Period Revenue Operating Expense Net Income Net Profit Margin Earnings Per Share EBITDA
Q3-2025 $136.56M $144.62M $-16.5M -12.09% $-0.14 $-6.33M
Q2-2025 $240.75K $472.22K $-321.26K -133.44% $0 $-270.01K
Q1-2025 $247.71K $207.1K $-49.26K -19.88% $0 $-44K
Q4-2024 $442.78K $53.12M $29.75K 6.72% $0 $69.21K
Q3-2024 $99.9M $113.75M $-16.11M -16.13% $-0.18 $-12.28M

What's going well?

The company achieved a huge increase in revenue, showing it can scale sales quickly. If it can control costs and turn this revenue into profit, future quarters could look much better.

What's concerning?

Losses grew much faster than sales, and a massive increase in shares means each share is worth less. Large 'other' expenses and unclear cost structure raise questions about the quality and sustainability of these results.

Balance Statement

Period Cash & Short-term Total Assets Total Liabilities Total Equity
Q3-2025 $27.66M $163.62M $175.89M $-12.27M
Q2-2025 $1.37M $1.84M $320.53K $-8.98M
Q1-2025 $1.84M $2.21M $402.83K $5.07M
Q4-2024 $49.67M $172.72M $169.13M $1.86M
Q3-2024 $47.4M $179.18M $163.7M $15.48M

What's financially strong about this company?

Cash and current assets surged, giving the company more room to pay bills in the short term.

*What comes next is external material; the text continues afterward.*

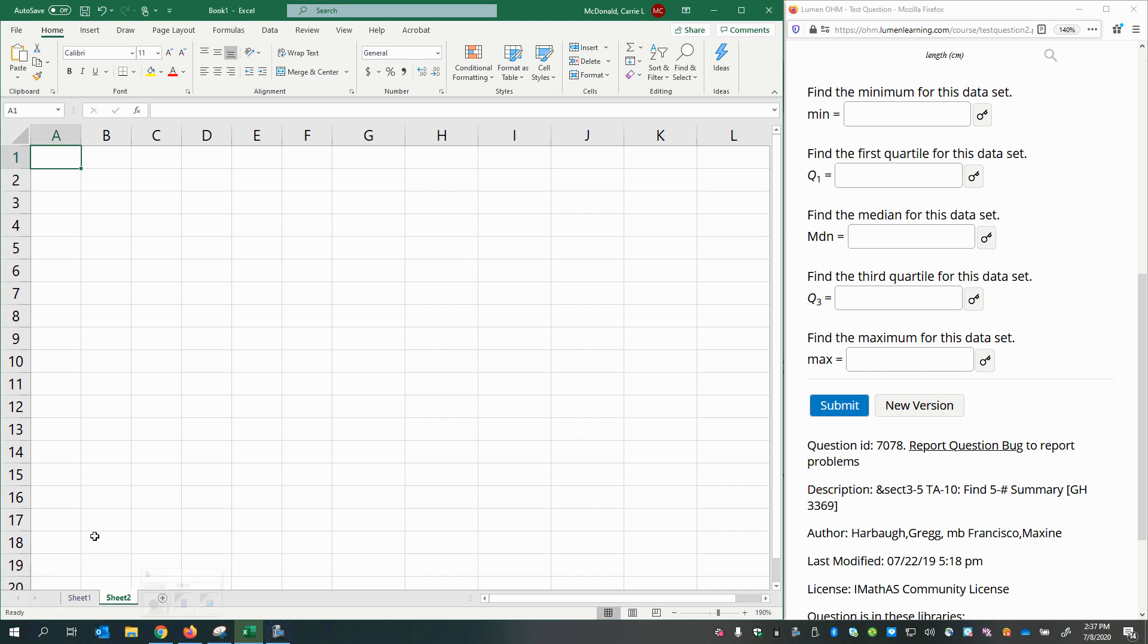Hey there, Professor MacDonald here to explain how to find the five-number summary, which includes your minimum, your first quartile, your median, your third quartile, and your maximum.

Liquidity is adequate for now, and they have invested in property and equipment.

What are the financial risks or weaknesses?

Debt skyrocketed, equity turned negative, and much more cash is tied up in receivables and inventory. The company is now overleveraged and has a long history of losses.

Cash Flow Statement

Period Net Income Cash From Operations Cash From Investing Cash From Financing Net Change Free Cash Flow
Q3-2025 $-52.73M $-22.43M $-1.71M $12.56M $26.24M $-24.24M
Q2-2025 $-321.26K $-398.63K $-104.41K $1.69K $-467.59K $-403.04K
Q1-2025 $-49.26K $-4.99M $-202K $-4.74M $-9.93M $-5.32M
Q4-2024 $29.75K $73.73K $-23.68K $2.78K $43.56K $50.04K
Q3-2024 $-44.93M $-205.37K $-6.82K $981 $-202.58K $-32.09M

What's strong about this company's cash flow?

The company was able to raise enough cash to keep operating for now. They have enough cash on hand to last a few more quarters if spending doesn't increase further.

What are the cash flow concerns?

Cash burn exploded this quarter, and the business is not generating cash from its own operations. Without more outside funding, the current cash balance will run out quickly.

5-Year Trend Analysis

A comprehensive look at DFP Healthcare Acquisitions Cor's financial evolution and strategic trajectory over the past five years.

+ Strengths

DFPH’s successor, The Oncology Institute, combines strong revenue momentum and improving loss trends with substantial cash on hand and differentiated positioning in value‑based cancer care. Its integrated clinic and pharmacy model, deep payor relationships, and use of data and AI give it a strategic edge in a healthcare system increasingly focused on cost and outcomes. Liquidity is solid in the near term, and cash burn is moving in the right direction, while the platform benefits from an asset‑light structure and scalable clinic rollout strategy.

! Risks

Key risks include persistent operating and free‑cash‑flow losses, a significant build‑up of debt, and an equity base that has been heavily diluted and eroded over time. The balance sheet now carries sizeable leverage and large intangible values that must be justified by future performance. On the business side, the company operates in a highly competitive and regulated environment, where reimbursement changes, clinical outcomes, or execution missteps in rapid expansion could materially affect results. Continued reliance on external financing remains a concern until the business can consistently fund itself.

Outlook

The overall outlook is that of a promising but still fragile growth story. Financial trends are improving, and the business model fits well with long‑term shifts toward value‑based care, particularly in oncology where costs are high and outcomes are closely scrutinized. However, the path to sustainable profitability and positive free cash flow is not yet proven, and the newly levered capital structure raises the stakes if growth or margins disappoint. Future assessments will hinge on whether management can translate its innovative care model and expansion plans into stable, self‑funded operations while prudently managing debt and preserving balance sheet flexibility.